This album is a pleasure to listen to; it is unfortunate, however, that in today’s musical climate, she will likely not get the exposure, airplay, etc. she deserves, as she’s not trapped in Trap, not a sullen Soul artist, or a profane Hip-hop flava of the moment. She’s got real talent, style, and… (you know it’s coming)… she purdy too! These days, Jazz is a niche style, and it has been mentioned, like Rock, as showing signs of dying away. Many of the Jazz greats of the past started making a name for themselves around her current age; it will be someone like her that will help keep that fire lit for the next generation. No video is available for any of the album’s tracks, but here is the audio for “Free Your Mind“…

The Teskey Brothers

Run Home Slow

Having earlier spoke of the continued globalization of R&B, I ran across these guys in the New Music Friday playlist on Spotify last week. This is a quartet founded by two brothers from the suburbs of Melbourne, Australia who seem to have a penchant for the sound of Memphis’ Stax Records. Run Home Slow is the followup to last year’s debut Half Mile Harvest.

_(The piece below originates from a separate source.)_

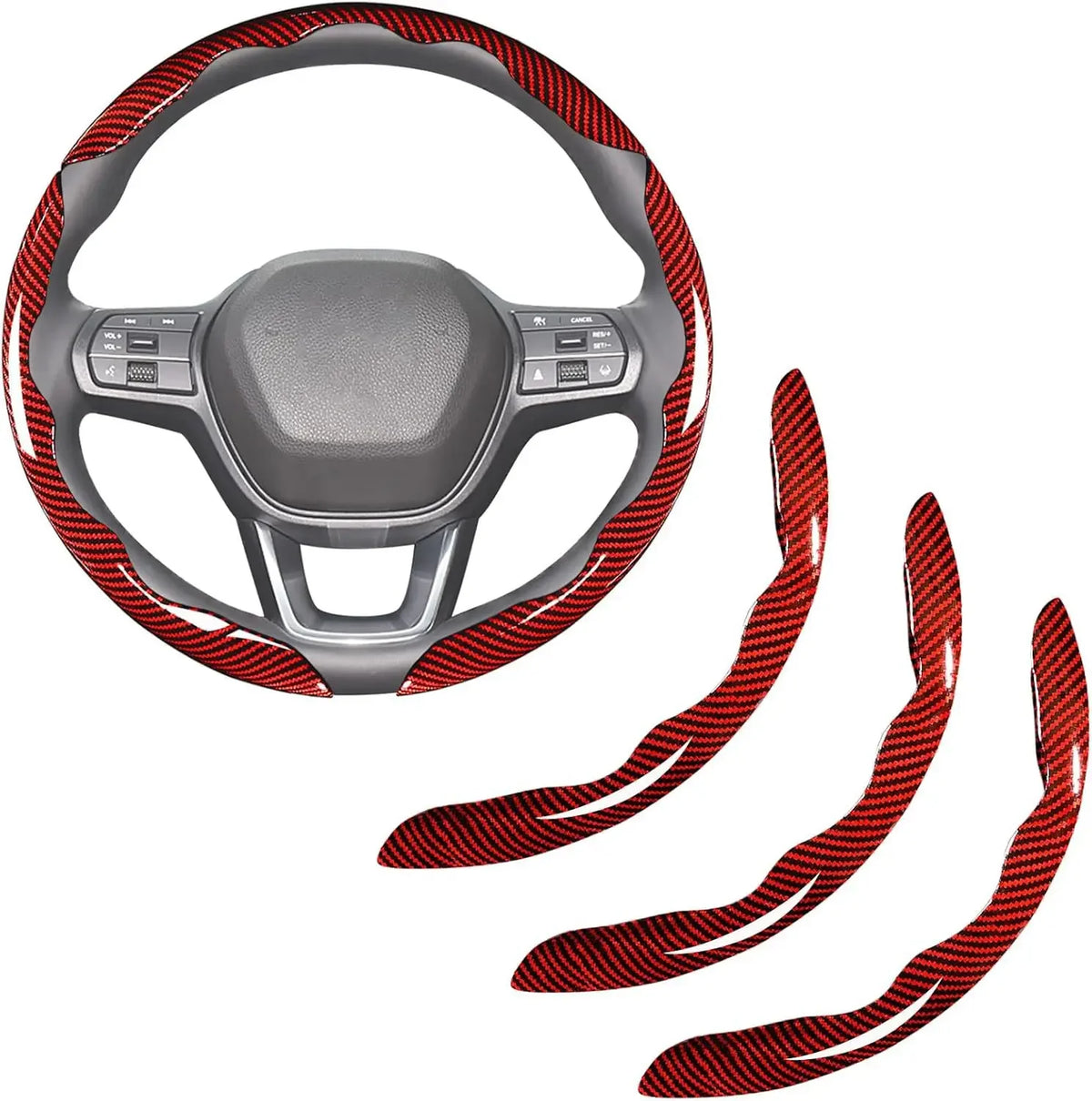Carbon Fiber & Leather Steering Wheel Cover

Somewhere in heaven, Otis Redding, Joe Cocker, and Bobby Womack are looking down on this band and smiling; those of us here on Earth have a reason to smile, too. These guys knock it out of the park with their mixture of Soul and Blues circa the late 60’s, with a little early 70’s Rock thrown in there as well. Lead singer Josh Teskey has a gritty, soulful voice that seems aged by some brown liquor… and for being Australian, I don’t pick up any hint of an accent. The second single “So Caught Up” is sooo good, and proof of what I’m talking about, but it abounds throughout the album, from the early 60’s Soul of the opener “Let Me Let You Down” through several tracks with titles like “Carry You“, “Hold Me“, and “Paint My Heart” (the long, kinda psychedelic Rock track here), to the current single “Rain“, and an earlier single “Man of the Universe“, whose opening reminds me of Denise LaSalle’s “Trapped By a Thing Called Love“.

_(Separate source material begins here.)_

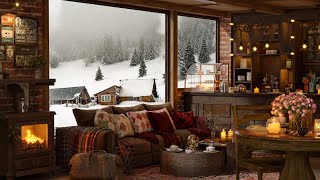 4K Cozy Coffee Shop ☕ Smooth Piano Jazz Music for Relax Study Sleep ☕ Night Winter [upl. by Schubert761]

If you like good, old school Rhythm & Blues (I spelled that out for a reason… the definition of R&B!), do yourself a favor and check these guys out; it’ll be well worth your time… Here is the video for “So Caught Up“…

Massive Attack

Mezzanine (Deluxe Edition)

This is a reissue of the group’s 1998 masterpiece, remastered and expanded with a bonus disc of dub remixes from frequent collaborator, Britain’s dub mixologist extraordinaire Mad Professor. Inexplicably, this album was originally scheduled for release back in December, but was delayed time and time again, finally just now seeing the light of day.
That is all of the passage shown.